## Work item
Although pictures appear in the data, the answer should contain only the lines from its start through the line with "Maryam’s Essential Men", written out exactly.

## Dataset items
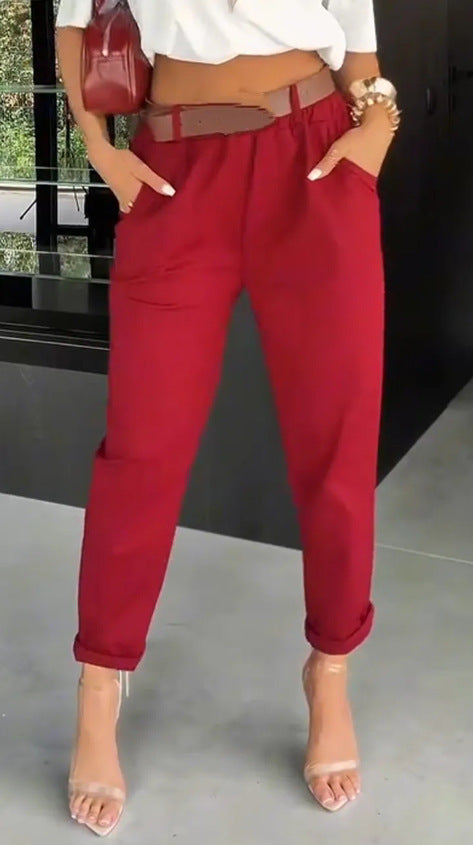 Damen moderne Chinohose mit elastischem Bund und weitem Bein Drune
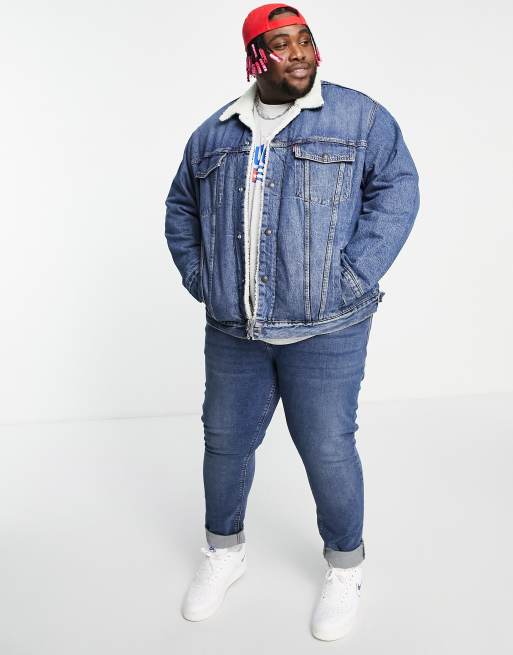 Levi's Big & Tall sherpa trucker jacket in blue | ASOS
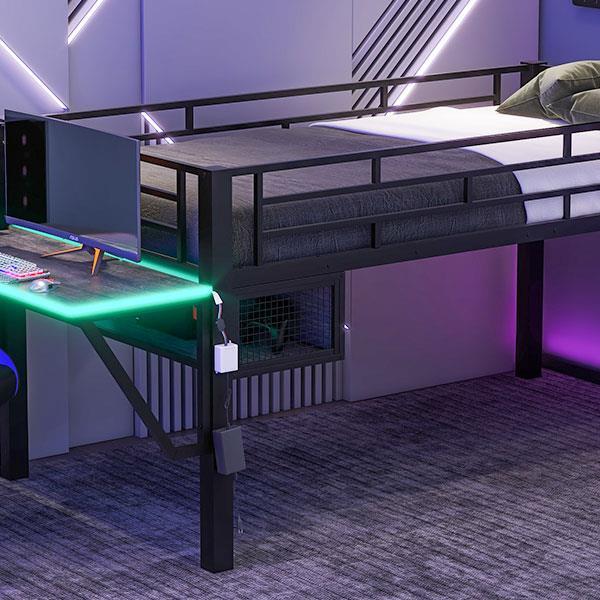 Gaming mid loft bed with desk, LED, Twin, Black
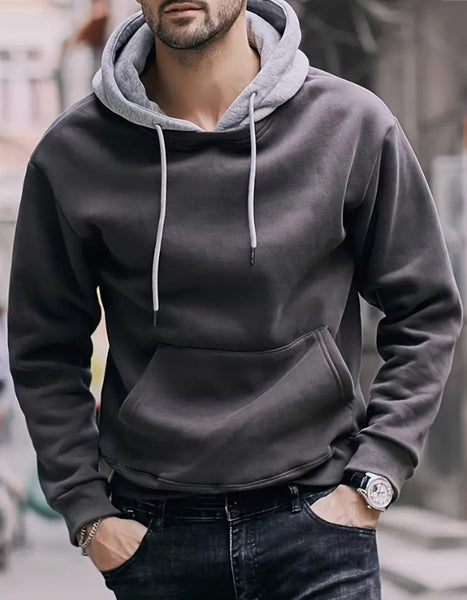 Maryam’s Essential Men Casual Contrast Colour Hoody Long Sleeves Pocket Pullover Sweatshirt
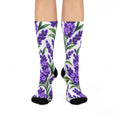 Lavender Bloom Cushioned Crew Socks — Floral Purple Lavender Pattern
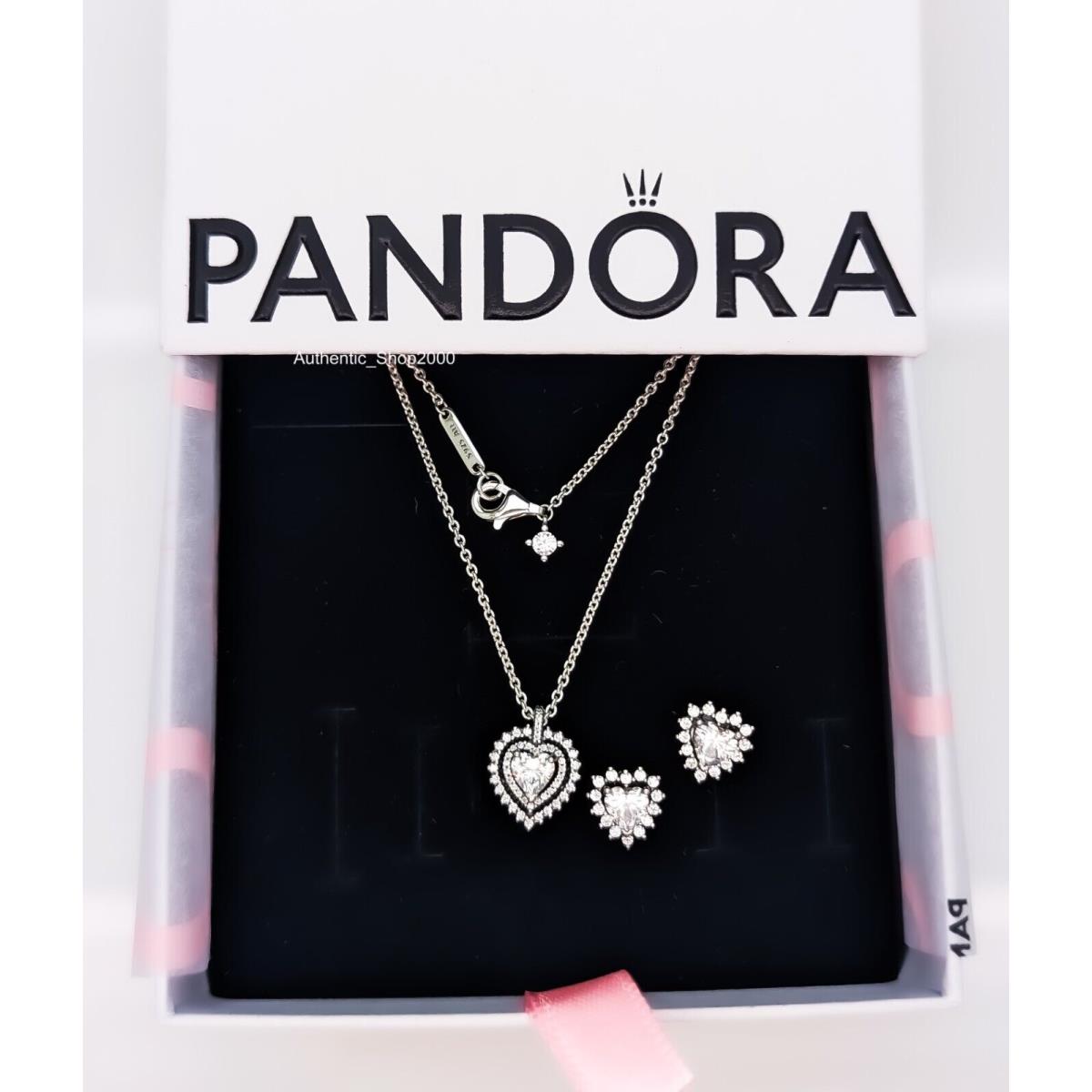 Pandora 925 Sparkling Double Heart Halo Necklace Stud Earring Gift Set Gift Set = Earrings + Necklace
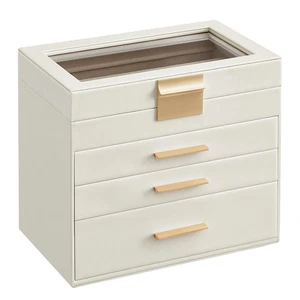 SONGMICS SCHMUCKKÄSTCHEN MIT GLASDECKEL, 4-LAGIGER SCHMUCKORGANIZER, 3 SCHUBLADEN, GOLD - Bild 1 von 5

## Solution for this exercise
 Damen moderne Chinohose mit elastischem Bund und weitem Bein Drune
 Levi's Big & Tall sherpa trucker jacket in blue | ASOS
 Gaming mid loft bed with desk, LED, Twin, Black
 Maryam’s Essential Men Casual Contrast Colour Hoody Long Sleeves Pocket Pullover Sweatshirt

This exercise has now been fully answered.